━━ TASK MATERIAL

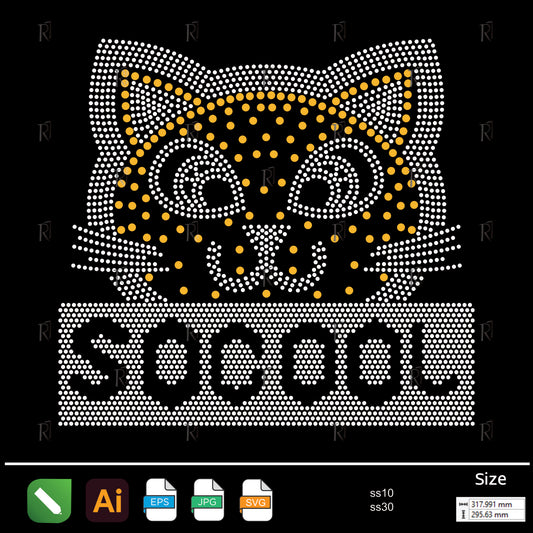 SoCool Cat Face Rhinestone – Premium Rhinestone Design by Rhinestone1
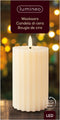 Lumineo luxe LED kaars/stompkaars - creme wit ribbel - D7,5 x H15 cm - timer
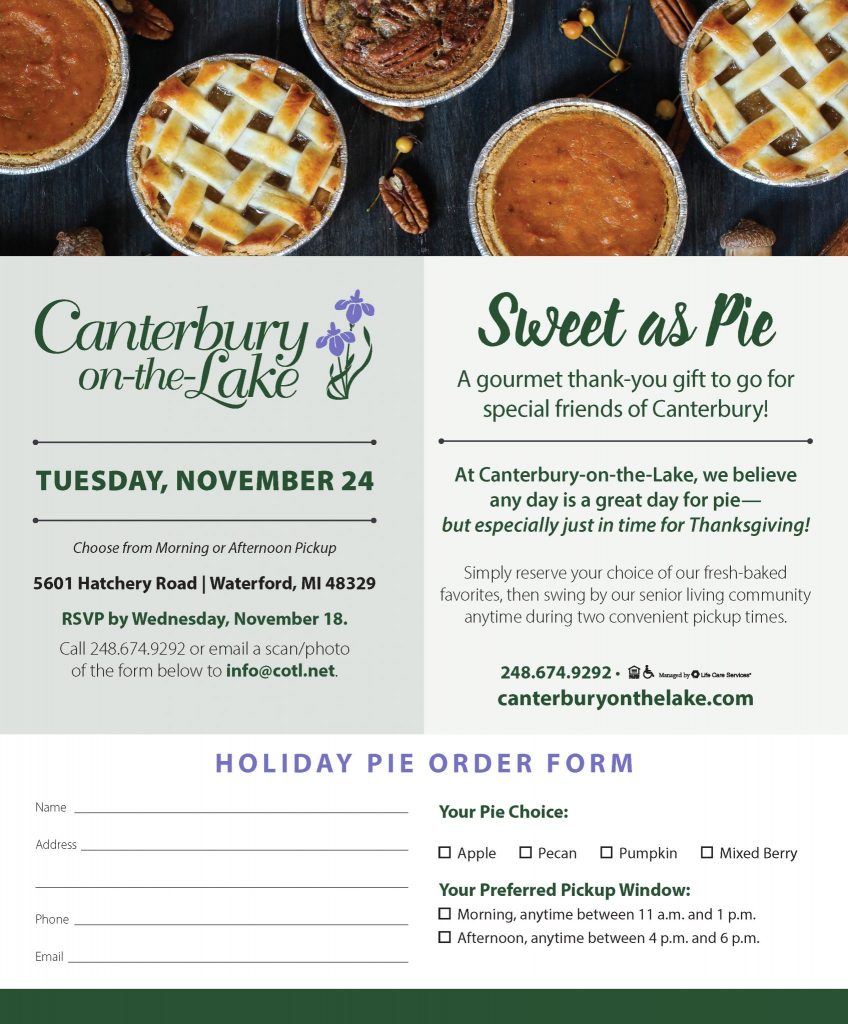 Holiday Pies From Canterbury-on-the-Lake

━━━━
━━ TASK MATERIAL

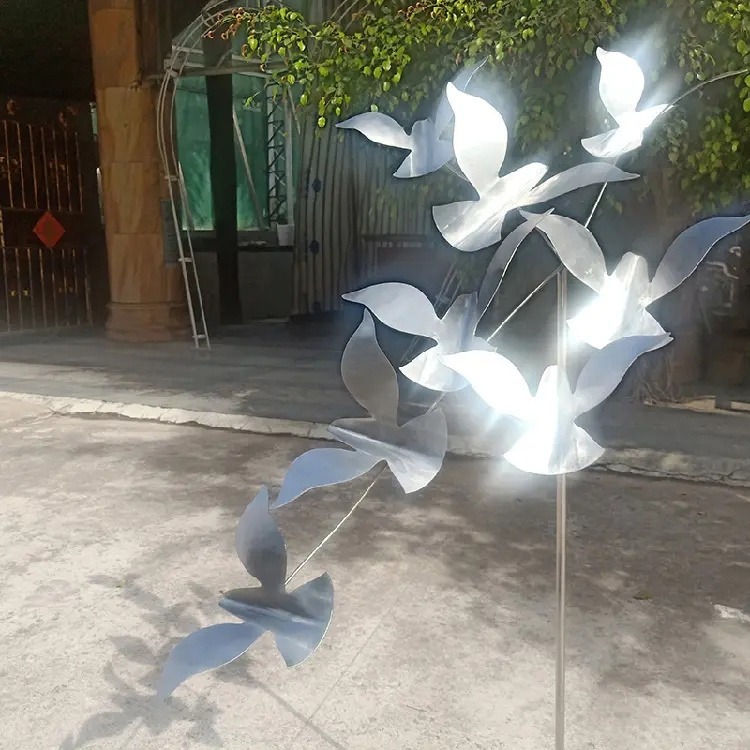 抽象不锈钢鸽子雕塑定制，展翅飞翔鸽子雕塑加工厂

━━━━
━━ TASK MATERIAL

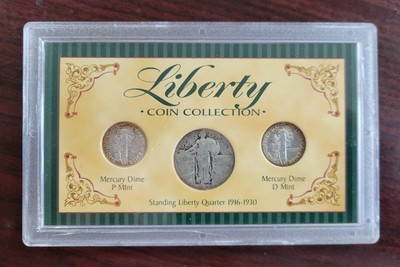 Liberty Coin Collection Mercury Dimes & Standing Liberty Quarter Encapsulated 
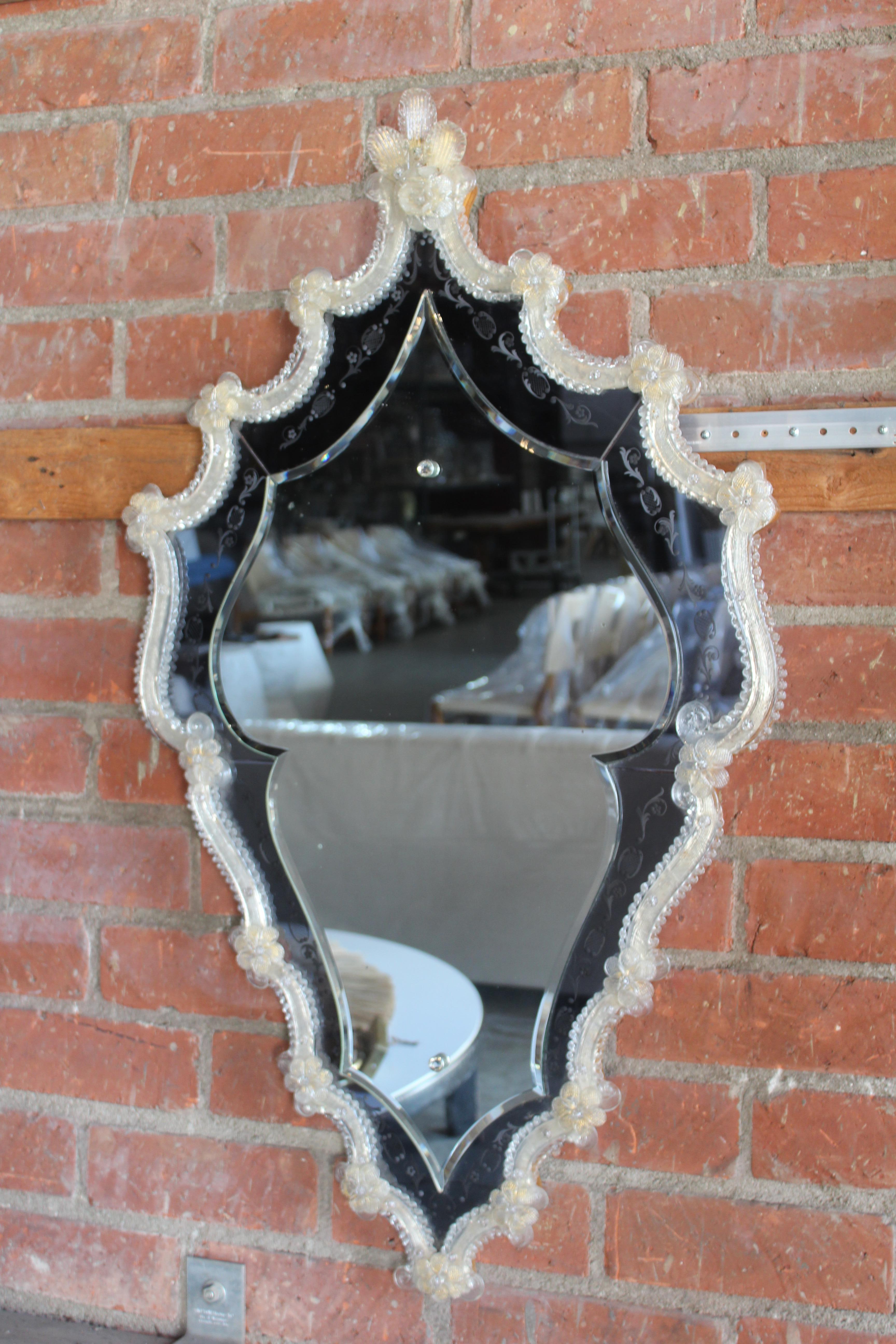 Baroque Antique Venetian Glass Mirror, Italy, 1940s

━━━━

__WHAT YOU HAVE TO DO__. From the records above, copy only the lines running from the line containing "Liberty Coin Collection" to the line containing "Baroque Antique Venetian", both ends included. Leave the pictures out.

__WRITTEN ANSWER__.
 Liberty Coin Collection Mercury Dimes & Standing Liberty Quarter Encapsulated 
 Baroque Antique Venetian Glass Mirror, Italy, 1940s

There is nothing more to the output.